The House General Counsel's Office, which is representing the Judiciary Committee in a civil contempt lawsuit against White House Chief of Staff Josh Bolten and former White House Counsel Harriet Miers, has asked a federal judge to set up an expedited schedule to resolve portions of the case, a schedule that would require a ruling by this summer, according to court documents filed today.

The Justice Department, which is representing Bolten and Miers in the case, countered that the only reason the Judiciary Committee is seeking a speedy determination of the case is so that it "recommence prior to Congress' August recess" its investigation into the firing of nine U.S. attorneys in 2006. The Justice Department wants a slower review of the contempt case, and it is already warning that it may appeal any ruling that goes against it.

In its filing, the House said it intended to seek "partial summary judgement" against Bolten and Miers "at this stage of the litigation" on two issues: first, that Miers failed to even appear in response to a Judiciary Committee subpoena seeking information or documents she might have on the prosecutor purge; and secondly, the failure of Bolten or Miers to provide a "privilege log when withholding documents' on the grounds of executive privilege. President Bush asserted executive privilege in refusing to allow Bolten and Miers to appear before ,or turn over internal White House documents to, the Judiciary Committee on the firings.

The Justice Department has refused to bring criminal contempt charges against Bolten and Miers, relying on DOJ opinions stating that it cannot do so in such cases, so the Judiciary Committee, acting throught the House General Counsel's Office, brought a civil contempt suit against Bolten and Miers.

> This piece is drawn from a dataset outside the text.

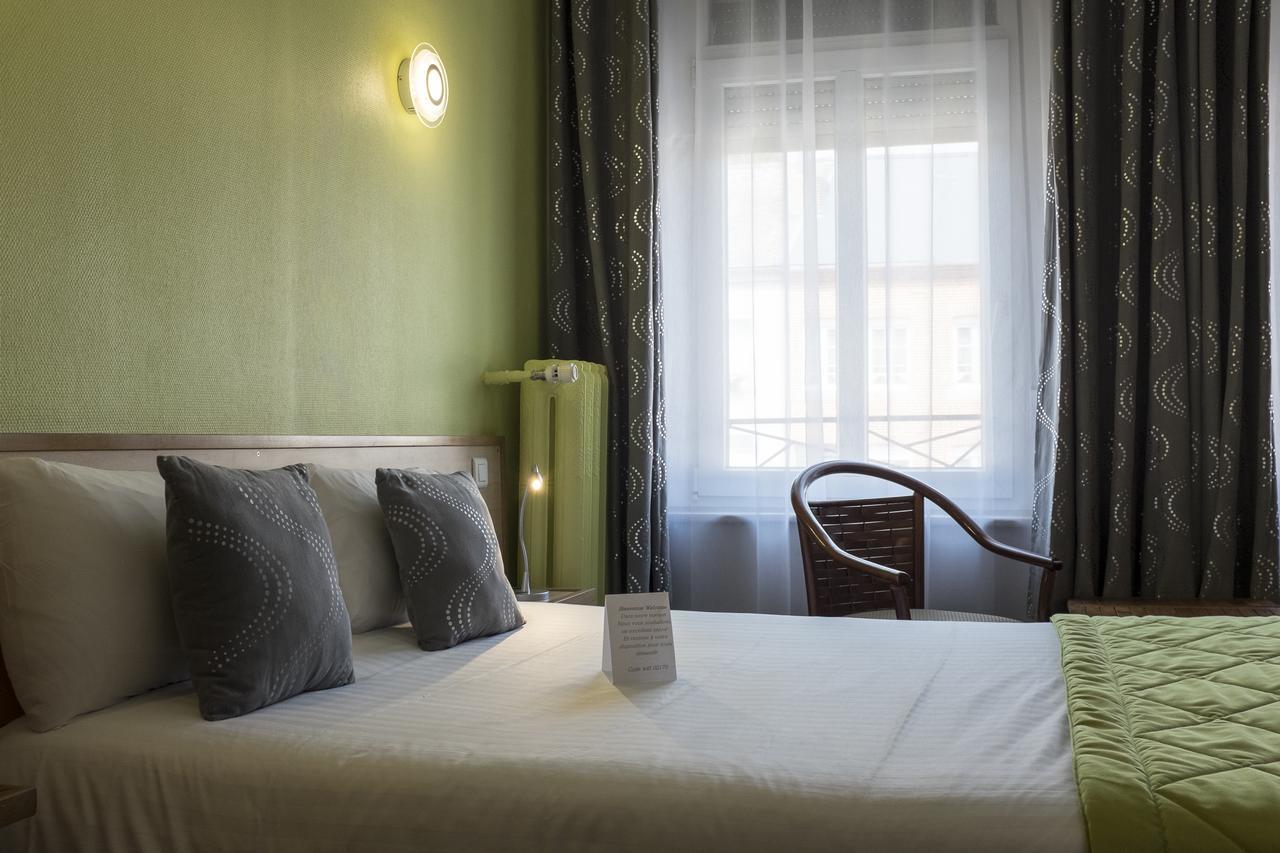Logis Hotel & Restaurant La Paix Le Nouvion-en-Thierache Екстериор снимка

"The Committee seeks to resolve this litigation expeditiously so that it can obtain the information sought by the subpoenas, complete its investigation, and take any resulting legislative action before the 110th Congerss ends in January, 2009," the General Counsel's Office stated in its filing today. The House lawyers envision having all arguments completed by May 14, making it likely that the U.S District Judge  John D. Bates would rule by the end of the summer.